Si nous appliquions notre compréhension écologique de la capacité de charge et de la dynamique évolutive des écosystèmes à la question de savoir à quoi ressemblerait un système agricole durable ou régénératif, nous ferions attention à ses ressources et à sa régénération par le biais de cycles naturels et de boucles fermées. Quelle est la base de ressources d'un système agricole?

  1. La fertilité du sol et la santé globale de l'écosystème;
  2. La santé du cycle de l'eau;
  3. Le bien-être des personnes qui travaillent sur le terrain;
  4. La santé des consommateurs;
  5. Le bilan énergétique du système («entrée d’énergie» par rapport à «sortie d’énergie»);
  6. Lorsque la nourriture est vendue, le retour couvre-t-il les coûts réels?
  7. Les effets de diffusion. Les intrants requis par le système agricole sont-ils produits de manière durable?

L'agriculture biologique

Alors qu’il a souvent été célébré pour avoir contribué à nourrir une population croissante d’êtres humains, la soi-disant 'révolution verte' de l’agriculture industrielle à grande échelle avec son addiction aux ressources fossiles et sa dégradation systématique des communautés agricoles locales et de la diversité bioculturelle en faveur des multinationales prédatrices s’est avéré être un échec aux effets désastreux. Des alternatives existent. La Soil Association au Royaume-Uni a été créée en 1946 et le Rodale Institute aux États-Unis en 1947; les deux institutions promeuvent et développent des approches de l'agriculture biologique. En 1972, la Fédération internationale des mouvements d'agriculture biologique (IFOAM) a été fondée. Il a maintenant des organisations membres dans 120 pays.

Principes directeurs IFOAM pour l'agriculture et la chaîne de valeur (plus)

Dans différentes langues européennes, l'agriculture biologique est souvent appelée agriculture biologique ou écologique (par opposition à la variété industrielle à forte consommation de produits chimiques et de combustibles fossiles). Au cours des cinquante dernières années, l’agriculture biologique est devenue un ensemble bien codifié de principes et de pratiques.
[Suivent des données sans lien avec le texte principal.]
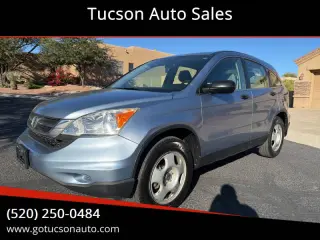 2010 Honda CR-V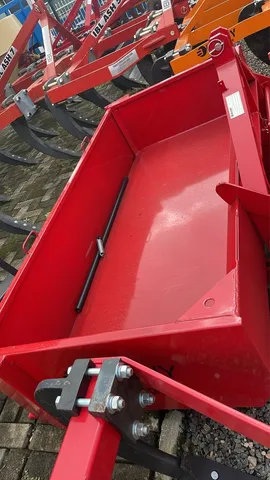 Raspo transportador Novo 2 metros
IFOAM exprime les objectifs de l'agriculture biologique comme suit:

  • Produire des aliments de haute qualité nutritionnelle en quantité suffisante;
  • Travailler avec les systèmes naturels plutôt que de chercher à les dominer;
  • Encourager et améliorer les cycles biologiques au sein du système agricole impliquant des micro-organismes, la flore et la faune du sol, des plantes et des animaux;
  • Maintenir et augmenter la fertilité à long terme des sols;
  • Utiliser autant que possible les ressources renouvelables dans les systèmes agricoles organisés localement;
  • Travailler autant que possible dans un système fermé en ce qui concerne la matière organique et les éléments nutritifs;
  • Donner à tous les animaux des conditions de vie qui leur permettent d’exercer tous les aspects de leur comportement inné;
  • Eviter toute forme de pollution pouvant résulter des techniques agricoles;
  • Maintenir la diversité génétique du système agricole et de ses environs, y compris la protection des habitats de plantes et d'animaux sauvages;
  • Permettre aux producteurs agricoles d'obtenir un rendement et une satisfaction suffisants de leur travail, y compris un environnement de travail sûr;
  • Considérer l'impact social et écologique plus large du système agricole.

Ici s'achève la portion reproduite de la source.